SaMD regulatory pathway FDA guide covering IMDRF risk framework, FDA classification, 510(k) vs De Novo vs PMA, and predetermined change control plans.

Assyro Team
16 min read

SaMD Regulatory Pathway: FDA Classification and Submission Requirements

Quick Answer

Software as a Medical Device (SaMD) is regulated by FDA under the medical device framework, informed by the IMDRF SaMD definition and risk concepts. FDA classifies SaMD into Class I, II, or III based on the device's intended use, technological characteristics, and risk profile. The submission pathway (510(k) vs De Novo, or PMA) depends on classification, predicate availability, and device-specific risks. For AI-enabled device software functions, FDA's August 2025 PCCP guidance explains how certain planned post-authorization modifications may be described in a marketing submission.

Key Takeaways

Key Takeaways

  • FDA classifies SaMD using the IMDRF risk framework based on significance of information provided and state of the healthcare situation.
  • Novel SaMD with no predicate often requires De Novo classification, but the correct pathway depends on the specific device type and existing classification history.
  • For AI-enabled device software functions, FDA's August 2025 PCCP guidance describes when certain pre-specified modifications may be managed within an authorized PCCP.
  • Section 520(o) of the FD&C Act excludes certain software functions from device regulation, including qualifying clinical decision support.
  • Pre-Submission meetings with FDA are strongly recommended for novel SaMD to confirm classification and clinical evidence expectations.

What Is Software as a Medical Device

The International Medical Device Regulators Forum (IMDRF) defines Software as a Medical Device (SaMD) as "software intended to be used for one or more medical purposes that perform these purposes without being part of a hardware medical device." This definition, published in the IMDRF SaMD Key Definitions document (IMDRF/SaMD WG/N10FINAL:2013), distinguishes SaMD from Software in a Medical Device (SiMD), which is software that is integral to a hardware medical device and cannot function independently.

The distinction matters for regulatory purposes. A software algorithm running on a general-purpose computing platform (smartphone, tablet, cloud server) that analyzes medical images to detect pathology is SaMD. The same algorithm embedded in a dedicated imaging device is SiMD, regulated as part of the parent device.

FDA adopted the IMDRF SaMD framework through a series of guidance documents beginning in 2017. The agency's Digital Health Center of Excellence (DHCoE), established in 2020, serves as the central coordination point for digital health and SaMD regulatory policy within CDRH.

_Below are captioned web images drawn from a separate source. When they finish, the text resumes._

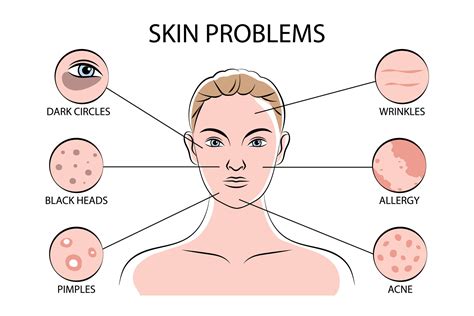 Skin Problems Infographics 5751419 Vector Art at Vecteezy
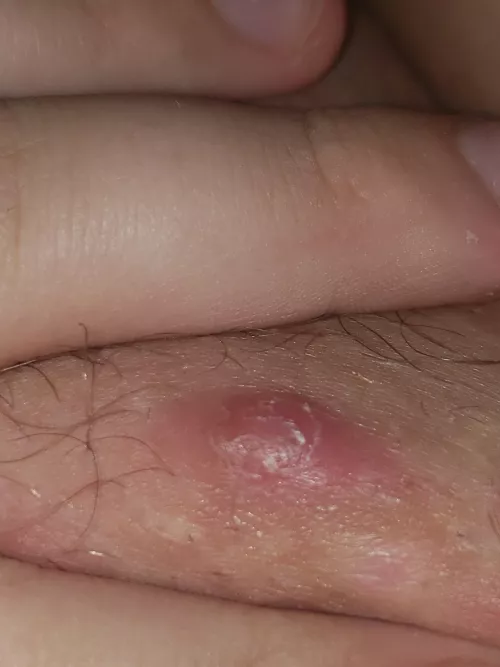 I dont know what this is and it won't pop i messed with it a little bit and all that came out was blood and it then swelled back up
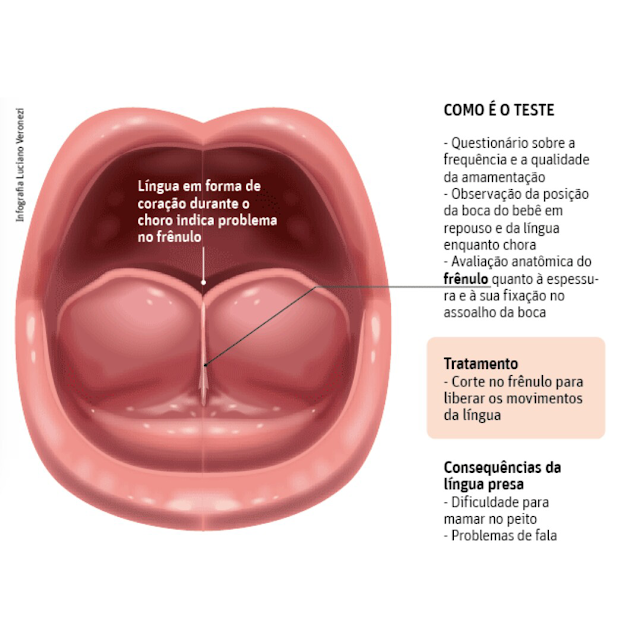 Dra. Renata Licciardi Endodontia Especializada e Clínica Geral Freio Lingual Dra. Renata Licciardi Endodontia Especializada e Clínica Geral Freio Lingual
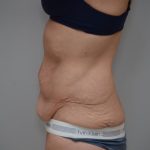 Body Lift Before & After Patient #3179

SaMD vs Non-Device Software

Not all health-related software qualifies as a medical device. Section 520(o) of the Federal Food, Drug, and Cosmetic Act (FD&C Act), added by the 21st Century Cures Act of 2016, excludes certain software functions from the definition of a medical device, including:

  • Administrative support software (scheduling, billing)
  • Software for maintaining or encouraging a healthy lifestyle (general wellness)
  • Electronic patient records that do not interpret or analyze data
  • Software that transfers, stores, converts, or displays medical device data without clinical interpretation
  • Clinical decision support software meeting all four Cures Act criteria

FDA's guidance document "Policy for Device Software Functions and Mobile Medical Applications" (September 2019, updated September 2022) provides the framework for determining whether a software function meets the device definition.

IMDRF SaMD Risk Categorization Framework

The IMDRF developed a two-dimensional risk categorization framework for SaMD based on two factors:

  1. Significance of the information provided by the SaMD to the healthcare decision
  2. State of the healthcare situation or condition the SaMD is intended to address

The IMDRF Risk Matrix

State of Healthcare SituationTreat or DiagnoseDrive Clinical ManagementInform Clinical Management
CriticalCategory IV (Highest Risk)Category IIICategory II
SeriousCategory IIICategory IICategory I
Non-SeriousCategory IICategory ICategory I

Significance of information definitions:

  • Treat or Diagnose: SaMD provides information used to take immediate or near-term action that treats, diagnoses, or prevents disease. The information alone drives the clinical action.
  • Drive Clinical Management: SaMD provides information that is the primary basis for a clinical management decision, but is used in conjunction with other information.
  • Inform Clinical Management: SaMD provides information that is used as one factor among many in a clinical management decision. The information is not the sole or primary basis for the decision.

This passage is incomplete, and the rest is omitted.